So etwas wie eine gemeinsame Aktion in Sachen Literatur wäre früher nicht zu realisieren gewesen. Es hätte zu lange gedauert, bis alle relevanten Neuerscheinungen gelesen und sortiert und ein entsprechendes Votum weitergegeben worden wären. Heute ginge das täglich und stündlich, weil alle Buchhandlungen auf Knopfdruck online ihre Urteile abgeben könnten. Die müsste ein Webmaster, in dem Fall wäre er ein Bookmaster, beim Börsenverein des Deutschen Buchhandels koordinieren und anhand der gemailten Bewertungen die Rangliste der literarischen Superstars erstellen. Illusorisch? Eben nicht, kontert die Berliner Buchhändlerin Ruth Klinkenberg, eben nicht, denn es gebe ja jetzt schon Bestseller, die »von Buchhändlern gemacht werden«, und die fänden ihren Weg auf die Listen schlicht durch Mund-zu-Mund-Propaganda unter Kollegen, weitergegeben dann an neugierig fragende Kunden.
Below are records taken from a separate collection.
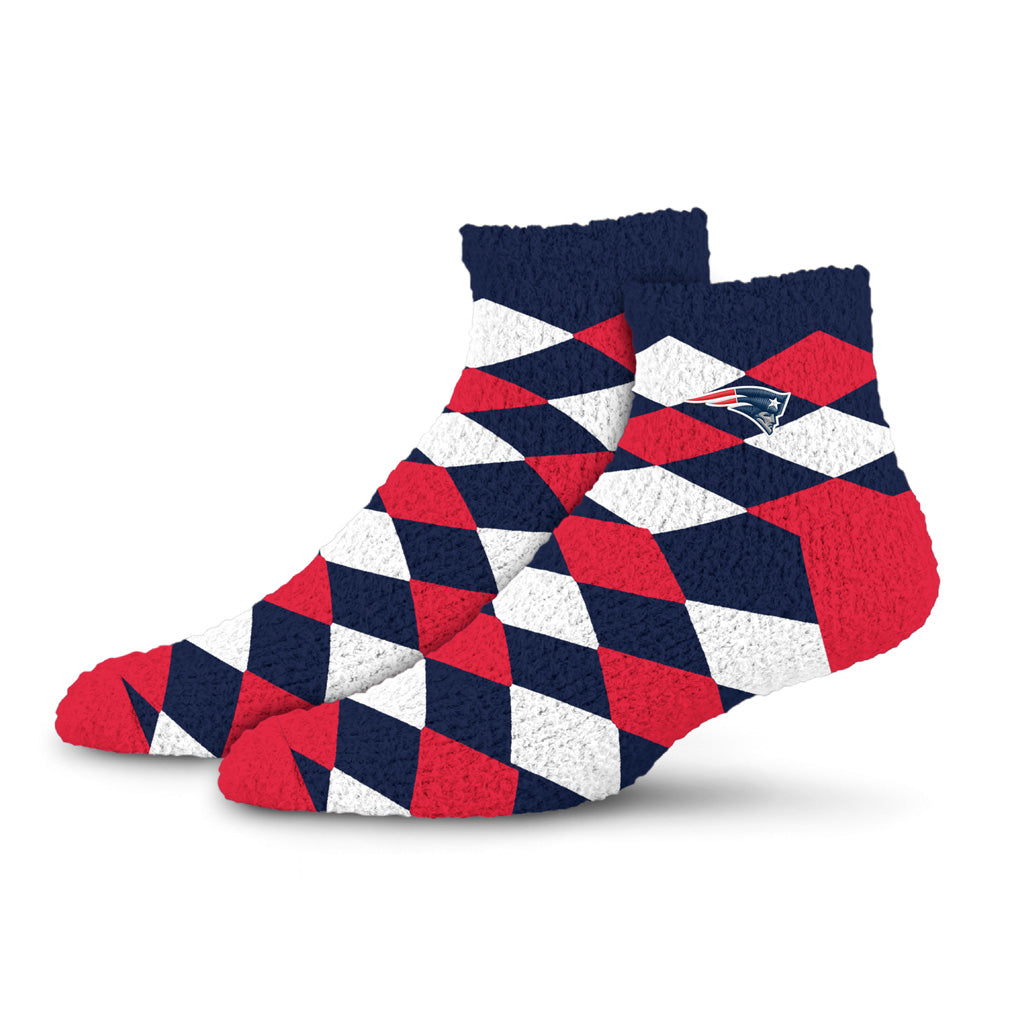 NFL New England Patriots For Bare Feet Diamond Sleep Socks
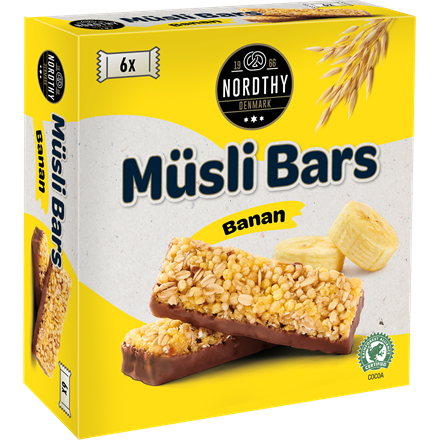 Nordthy Müsli Bar Banan 6 Pk 150g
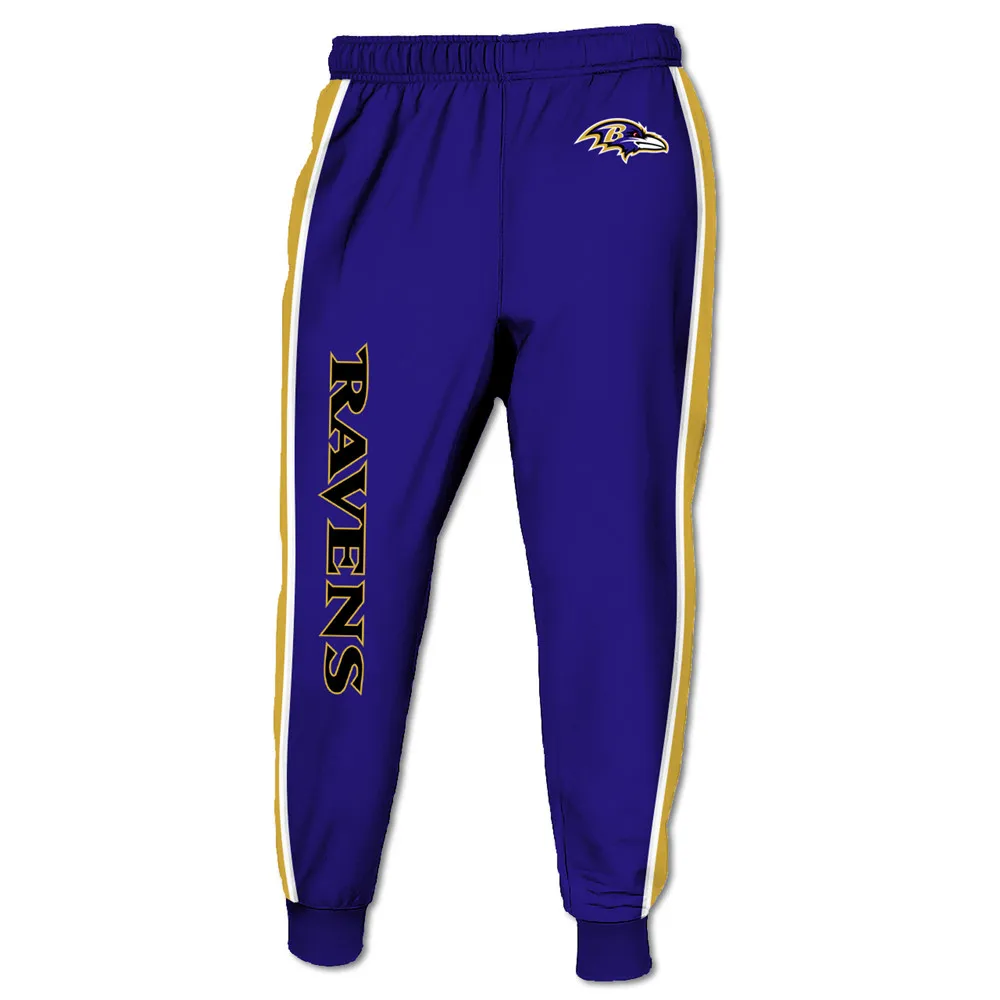 Baltimore Cool American Football 3D Ravens Sweatpants Striped Design Purple Crow Print 3D Pants
Baltimore Cool American Football 3D Ravens Sweatpants Striped Design Purple Crow Print 3D Pants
Voraussetzung dafür ist allerdings, dass die fragenden Kunden kompetente Gesprächspartner in den Buchhandlungen finden. Der verzweifelte Autor eines »Tagesspiegel«-Artikels berichtet von seinen Versuchen, in einer Zweigstelle des Branchenriesen Hugendubel (Jahresumsatz 250 Millionen Euro) den Roman »Das Geld« von Emile Zola, dem
Chronisten der französischen Bürger und Proletarier im 19. Jahrhundert, zu bestellen. Telefonische Auskunft: »Finde ich nicht, Geld, sagen Sie? Schau ich mal am besten unter Ratgebern nach.« Und als ein Bekannter von ihm, diesmal direkt im Laden, das legendäre Hörbuch »Die letzten Tage der Menschheit« von Karl Kraus, gelesen von Helmut Qualtinger, kaufen wollte, gab die Verkäuferin im Computer ein »Helmut Kwaltinger«. Kein Treffer, leider.
Eine zweite Bestsellerliste Belletristik notiert die Favoriten des Massengeschmacks. Auf der erscheint je nach Verkaufserfolg oben oder unten alles, was nach Ansicht der Buchhändler nicht in die anspruchsvolle Liste 1 passt. Man könnte dies auch eine Buchliste des gemeinen Lesevolkes nennen, was aber gemein wäre. Der qualitative Unterschied zwischen Liste 1 und Liste 2 entspricht in etwa dem zwischen Oper und Operette, zwischen Picasso und Jeff Koons, zwischen Sean Connery und Til Schweiger. Wahrscheinlich würde Charlotte Roches Millionenerfolg »Feuchtgebiete« auf eine solche Liste gehören, ebenso alles von Stephenie Meyer oder von Ildiko von Kürthy oder auch Sarah Kuttners Erstling »Mängelexemplar«, der übrigens mit dem Boah-Ey-Satz beginnt: »Eine Depression ist ein fucking Event.« Darauf zumindest muss man erst einmal kommen.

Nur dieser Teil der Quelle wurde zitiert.